3.0 KiB
Concurrency
Account quota, reserved, provisioned. The "100 RPS × 200 ms" math.
The fundamental model
Lambda concurrency = the number of execution environments processing requests at the same instant. Each environment handles exactly one invocation at a time. There is no thread pool, no event loop shared across invocations — if two requests arrive simultaneously, AWS spins up two separate environments.

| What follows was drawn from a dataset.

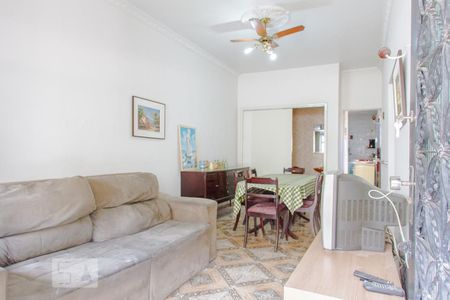 Sala de casa para alugar com 3 quartos, 57m² em São Cristóvão, Rio de Janeiro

The key formula: concurrency ≈ RPS × average duration (in seconds). At 100 requests/s with a 200 ms average handler duration, you need 100 × 0.2 = 20 concurrent environments. At 500 ms average, you need 50. At 2 s average, 200 — and so on. Latency optimisation directly reduces your concurrency footprint.
Account concurrency pool
Every AWS account has a regional concurrency quota — default 1 000 concurrent executions per region, shared across all functions. When the pool is full, new invocations get throttled (sync → HTTP 429 TooManyRequestsException; async → queued and retried). Raising the limit requires a Service Quotas increase request; AWS typically grants up to 10 000 with a business justification.
This is the single most common production surprise: one function spikes and starves all others in the same region. Reserved concurrency is the fix.
Types of concurrency
| Type | What it does | Cost | Use for |
|---|---|---|---|
| Unreserved | Draws from the shared regional pool on demand | Invocation + duration only | Most functions |
| Reserved | Carves a slice of the regional pool exclusively for this function; acts as both a floor and a ceiling | No extra charge | Protecting critical paths from noisy neighbours; throttling cost runaway |
| Provisioned | Pre-warms N environments; they stay initialised 24/7 | PC-hours + invocation | Latency-sensitive functions where cold starts are unacceptable |
Reserved concurrency edge cases
- Setting reserved concurrency to 0 disables the function entirely — useful as a circuit breaker.
- Reserved concurrency counts against the account pool even when idle. If you set 500 reserved on a function, only 500 remain for all other functions (at default 1 000).
- Reserved concurrency does not pre-warm. You still cold-start; you just can't scale past the cap.
Burst scaling
When traffic spikes from zero, Lambda can spin up environments quickly — but not infinitely fast. The burst limit (region-dependent, typically 500–3 000 immediate) is how many environments AWS will create right now. Beyond that, it adds 500 new environments per minute. A spike from 0 to 5 000 concurrent requests takes several minutes to fully absorb. Provisioned Concurrency or pre-warming via a ping mechanism is the fix for sudden large spikes.
Interview answer template: "Concurrency = RPS × duration. Default pool is 1 000/region. Reserved carves a slice and prevents both starvation and runaway. Provisioned pre-warms to eliminate cold starts, but you pay for idle capacity."